— TASK OBJECTIVE —
From the line containing "7478 Bentwater Drive" to the last line of the records, reproduce every line exactly and print nothing else.

#### DATA RECORDS

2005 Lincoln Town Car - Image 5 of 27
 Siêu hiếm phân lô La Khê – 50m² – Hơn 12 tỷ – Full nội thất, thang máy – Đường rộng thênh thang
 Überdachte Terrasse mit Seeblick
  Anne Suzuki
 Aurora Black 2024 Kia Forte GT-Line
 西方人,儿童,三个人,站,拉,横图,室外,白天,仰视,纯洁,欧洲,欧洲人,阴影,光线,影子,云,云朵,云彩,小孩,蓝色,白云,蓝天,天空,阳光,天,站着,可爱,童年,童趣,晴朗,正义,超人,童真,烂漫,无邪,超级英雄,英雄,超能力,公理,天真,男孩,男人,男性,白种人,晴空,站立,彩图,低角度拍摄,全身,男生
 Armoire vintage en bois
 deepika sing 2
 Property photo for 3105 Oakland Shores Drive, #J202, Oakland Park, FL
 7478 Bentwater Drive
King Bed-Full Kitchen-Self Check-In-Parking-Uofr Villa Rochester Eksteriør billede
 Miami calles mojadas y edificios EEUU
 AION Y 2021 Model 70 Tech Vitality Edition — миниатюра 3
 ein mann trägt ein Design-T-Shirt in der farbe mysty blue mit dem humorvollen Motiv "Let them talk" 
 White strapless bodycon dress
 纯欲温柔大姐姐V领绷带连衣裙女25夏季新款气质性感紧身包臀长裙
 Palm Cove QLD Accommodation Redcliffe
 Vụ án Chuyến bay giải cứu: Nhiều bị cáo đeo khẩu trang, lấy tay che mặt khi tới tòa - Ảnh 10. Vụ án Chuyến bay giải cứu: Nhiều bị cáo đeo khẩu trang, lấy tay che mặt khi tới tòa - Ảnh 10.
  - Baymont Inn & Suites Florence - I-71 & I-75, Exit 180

########

— ANSWER BOX —
 7478 Bentwater Drive
King Bed-Full Kitchen-Self Check-In-Parking-Uofr Villa Rochester Eksteriør billede
 Miami calles mojadas y edificios EEUU
 AION Y 2021 Model 70 Tech Vitality Edition — миниатюра 3
 ein mann trägt ein Design-T-Shirt in der farbe mysty blue mit dem humorvollen Motiv "Let them talk" 
 White strapless bodycon dress
 纯欲温柔大姐姐V领绷带连衣裙女25夏季新款气质性感紧身包臀长裙
 Palm Cove QLD Accommodation Redcliffe
 Vụ án Chuyến bay giải cứu: Nhiều bị cáo đeo khẩu trang, lấy tay che mặt khi tới tòa - Ảnh 10. Vụ án Chuyến bay giải cứu: Nhiều bị cáo đeo khẩu trang, lấy tay che mặt khi tới tòa - Ảnh 10.
  - Baymont Inn & Suites Florence - I-71 & I-75, Exit 180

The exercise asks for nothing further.